Understand the split between CryptoSwift automation and your internal compliance controls.

CryptoSwift provides the Travel Rule messaging and verification layer, while your team retains ownership of policies, approvals, customer decisions, and risk thresholds. This page explains the handoffs so compliance, product, and engineering teams can align on who does what before integration work starts.

Use it as a lightweight operating-model primer before diving into detailed workflows and data-handling guidance.

High level overview

CryptoSwift is a third-party service that operates separately from the blockchain. You continue to make on-chain transactions as before, independently of the Travel Rule service. In parallel with the on-chain transaction, Travel Rule messages are created using the CryptoSwift API, stored, and forwarded to the beneficiary VASP.

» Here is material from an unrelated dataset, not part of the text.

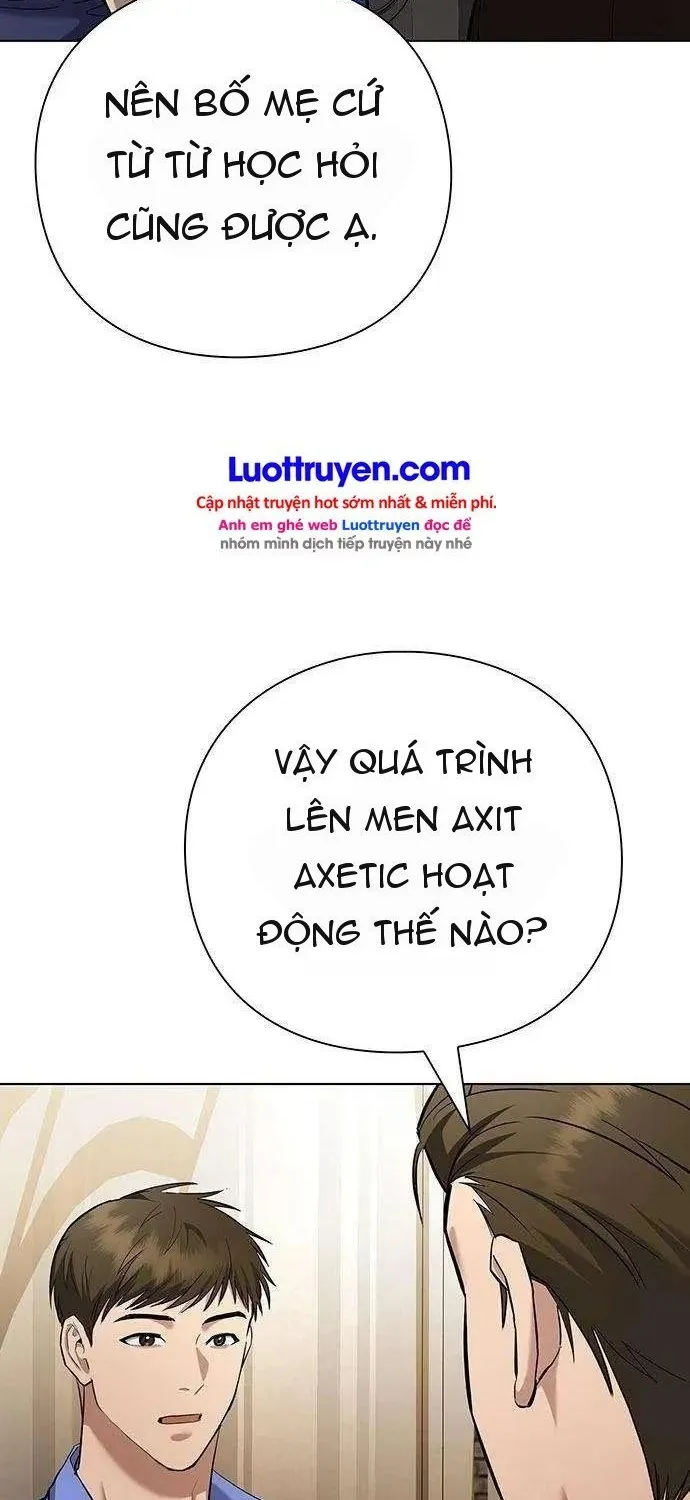 Chapter 7 - Trang 3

As the originating VASP, you need to:

  • Collect required Travel Rule data from your customers.
  • Create Travel Rule messages using the CryptoSwift API or Dashboard before or at the time of making a crypto payment.

As the beneficiary VASP, you need to:

  • Accept incoming Travel Rule messages and respond to them.
  • Optional: backfill missing Travel Rule data when Travel Rule messages are missing for incoming on-chain transactions.

Where CryptoSwift fits

  • Message exchange - CryptoSwift transports Travel Rule messages to counterparties, tracks delivery statuses, and stores an audit-ready trail of what was sent and when.
  • Verification workflows - For self-hosted wallets, CryptoSwift runs ownership checks or collects evidence you can review.
  • Operational visibility - The Client Dashboard and APIs expose incoming messages, status updates, and manual review queues.

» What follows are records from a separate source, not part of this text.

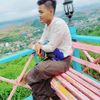 user91431802338793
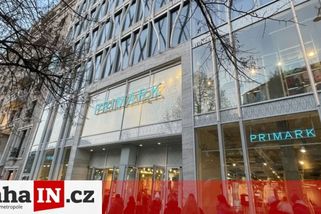 prahain.cz/byznys/euro-za-30-korun-bezny-kurz-obchodniku-22196.html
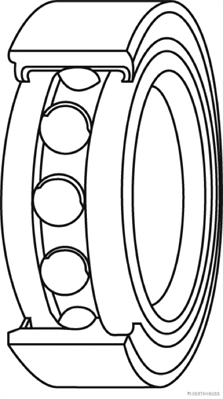 J4717000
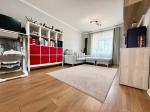 Additional Photo of Ross Close, Farley Hill, Luton, Bedfordshire, LU1 5RB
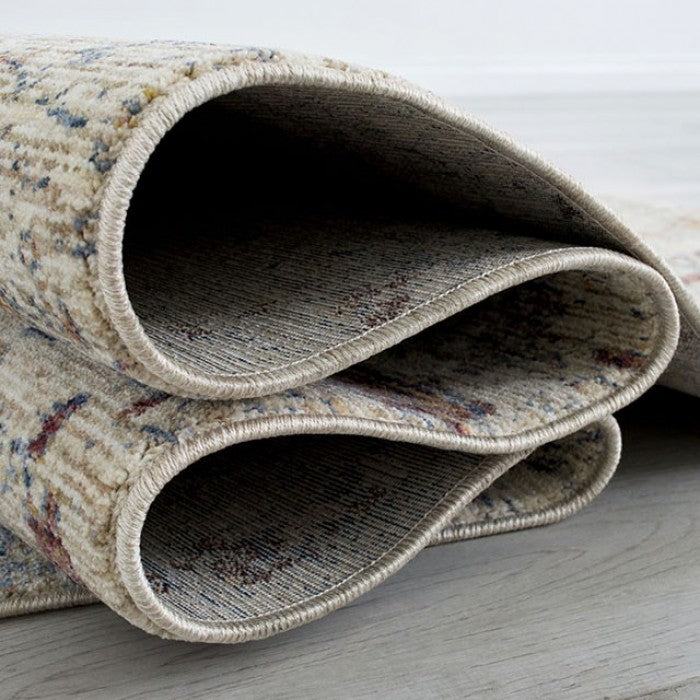 PAYAS AREA RUG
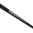 Category image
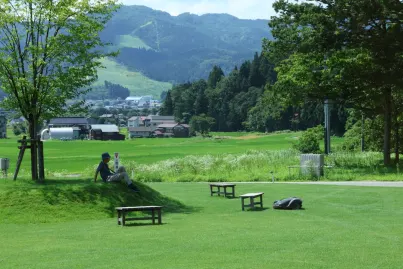 Kajot Casino App Mobile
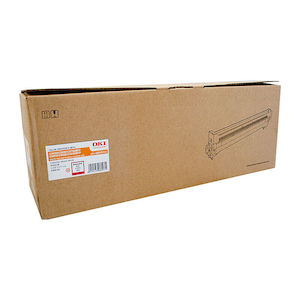 Oki Brand: Oki C9600 Magenta Drum Unit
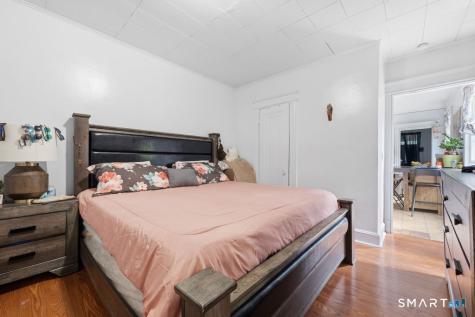 33 Vista Place Waterbury CT 06708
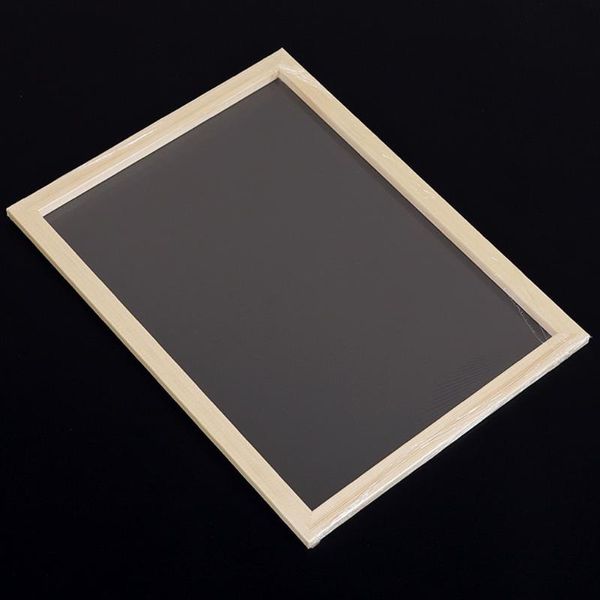 game popular wedding supplies funny bridegroom wooden groomsman trick prop preservation film p frame
game popular wedding supplies funny bridegroom wooden groomsman trick prop preservation film p frame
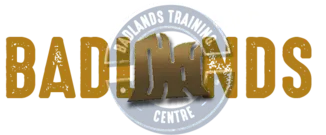 Badlands Training Centre
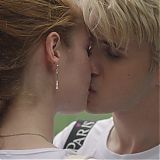 Filename=431.jpg
Filesize=209KiB
Dimensions=1920x1080
Date added=Sep 30, 2022 431.jpg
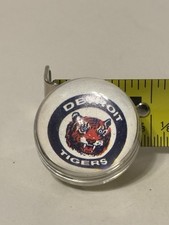 Mlb detroit tigers for sale  Colorado Springs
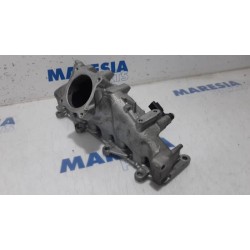 Renault - Master - Intake manifold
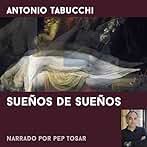 Sueños de Sueños: Cuentos Breves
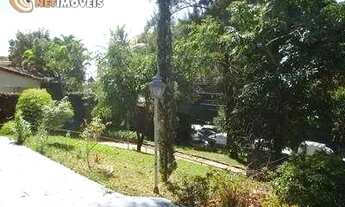 Imagem: Venda Casa comercial Cidade Jardim Belo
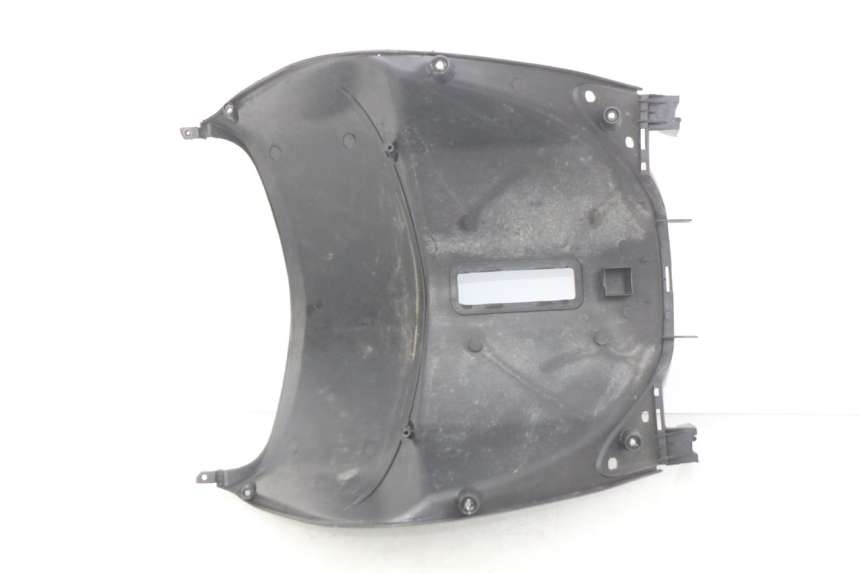 photo de INNER LEGSHIELD LOWER NECO ONE 2T 50 (2011 - 2020)
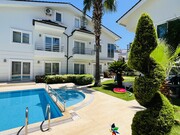 Продажа дома 180м² 2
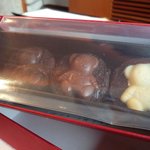 ザ・ペニンシュラ東京 - 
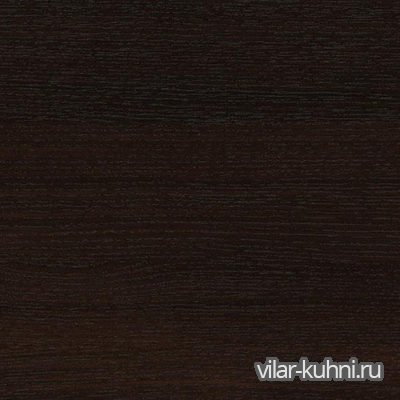 Дуб Сорано чёрно-коричневый H 1137 ST12 2800*2070*16 (Эг)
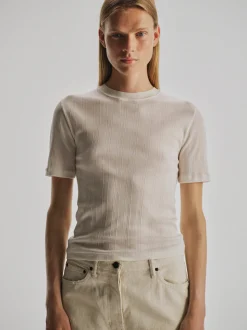 Etina T-Shirt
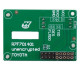 Адаптер-платформа ACDP Toyota R7F701401 Unencrypted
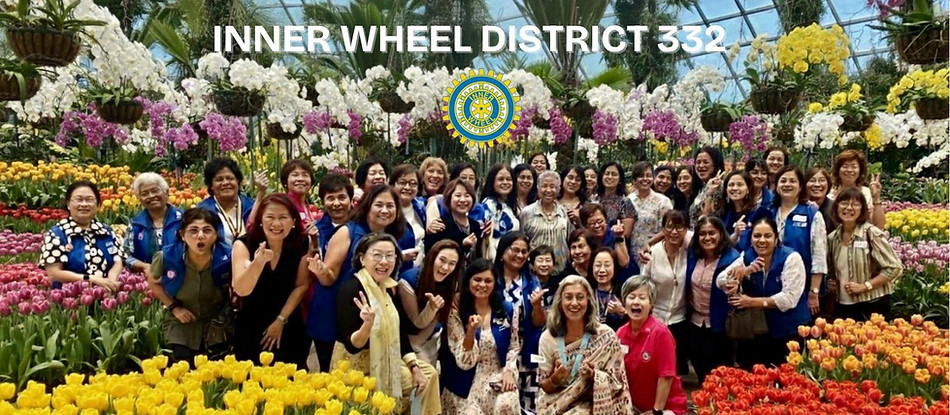 Dst 332 Group pic for home page.jpg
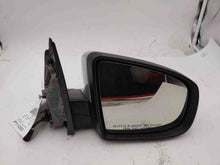 Load image into Gallery viewer, Side View Door Mirror BMW X5M 2010 - NW52227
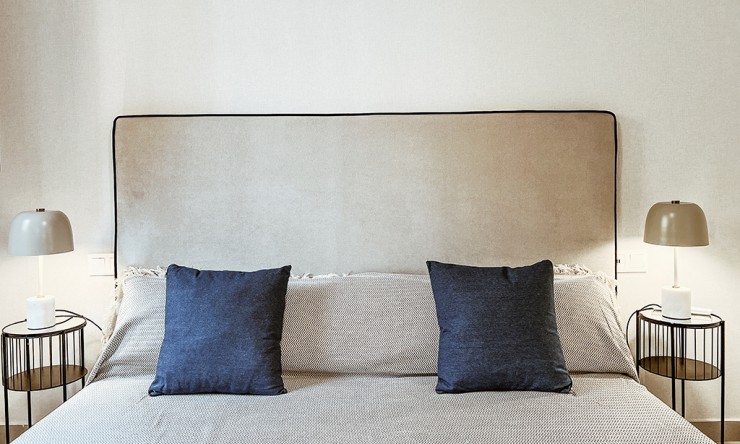 Nueva - Apartamento - Cuevas Del Almanzora - Desert Springs Golf Club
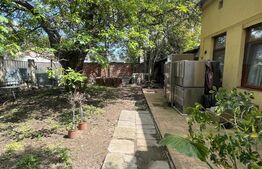 Proprietate 531 mp, deschidere 27,4 ml, ideală investiție, zona Ultracentrală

What stays with your compliance team

  • Policy decisions - Risk thresholds, approval requirements, and when to pause or reject transfers.
  • Data collection - How your product gathers the required originator and beneficiary information from customers.
  • Customer communication - Follow-ups, remediation requests, and disclosures for missing or incorrect data.

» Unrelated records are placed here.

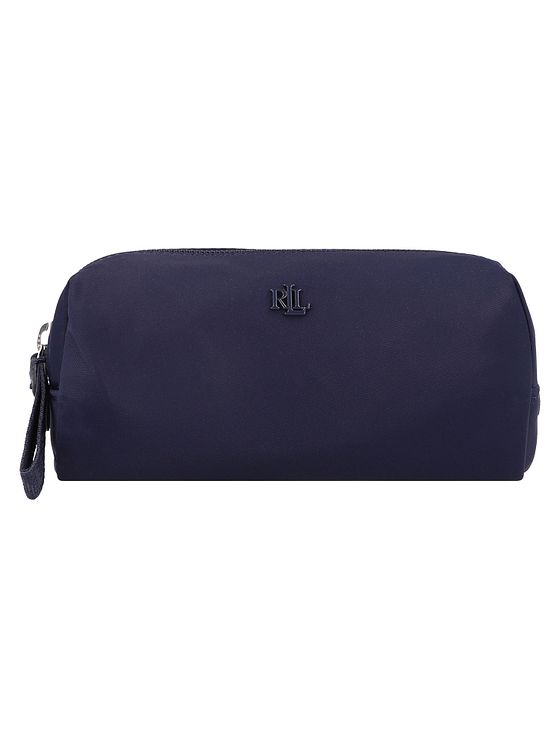 Lauren Ralph Lauren Kosmetiktaske 16.5 cm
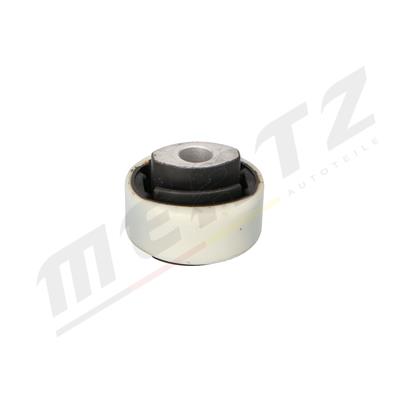 Mertz M-S4127 EAN: 5902701046071.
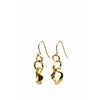 Skultuna Boucles d'oreilles petites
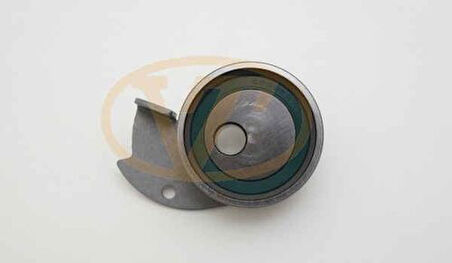 Gmb Gt40010 Triger Gergi Rulmanı Hıjet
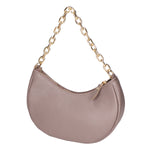 Loreta Borsa a spalla da donna Vera pelle 06511-D77 SMOG Gave Lux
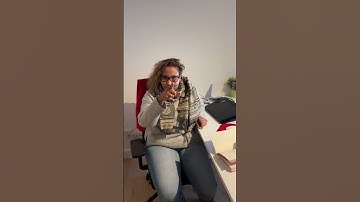 De eerste 3 seconden van je video bepalen alles.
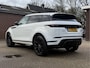 Land Rover Range Rover Evoque 2.0 P200 AWD R-Dynamic - Afn. trekhaak! Verw + elek verstelb stoelen, Stuurverw, Cruise, Navi!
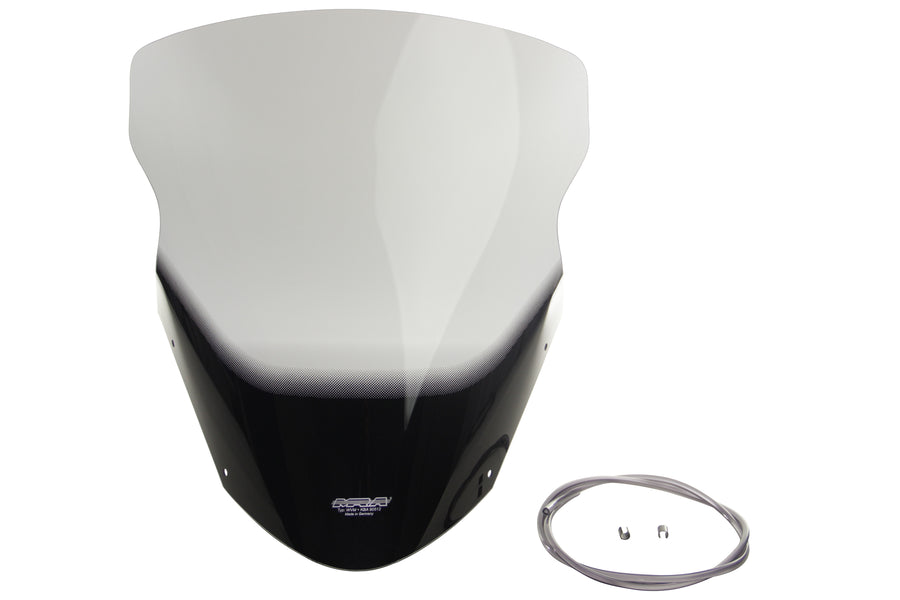 KAWASAKI ER 6 F [2009-2011] - Disqueur "T"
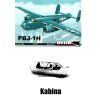 kabina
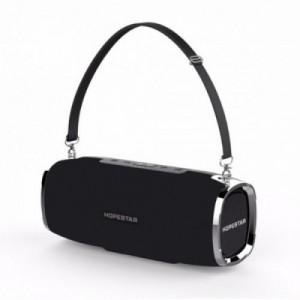 НЕТУ Портативная колонка Hopestar A6 (12 шт/ящ)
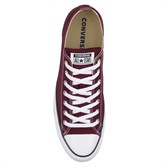 Converse кеды Chuck Taylor All Star Core M9691. - фото 18181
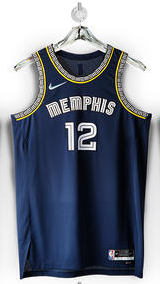 Mempng — jersey city edition nba 2021-22 option 19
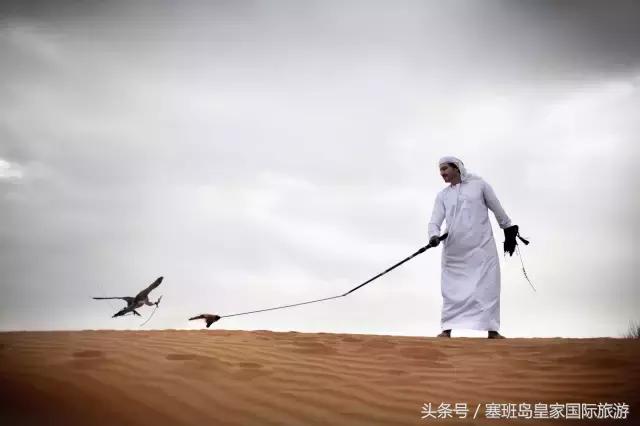 看看那些旅行目的地可以17浪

Typical handoffs in a Travel Rule case

  1. Customer intent captured - Product flow collects withdrawal or deposit details plus required identity data.
  2. Compliance checks applied - Screening, risk scoring, and wallet-type decisions determine next steps.
  3. CryptoSwift message delivery - You send the Travel Rule payload; CryptoSwift routes it and returns a status.
  4. Counterparty response - Status updates arrive asynchronously; your team reviews and logs outcomes.
  5. Record-keeping - Evidence, decision notes, and message logs are stored for audits.

Who needs this overview

  • Compliance leaders who must sign off on procedures and retention policies.
  • Product owners who design customer-facing flows and approval steps.
  • Engineering teams who translate policy decisions into integrations and status updates.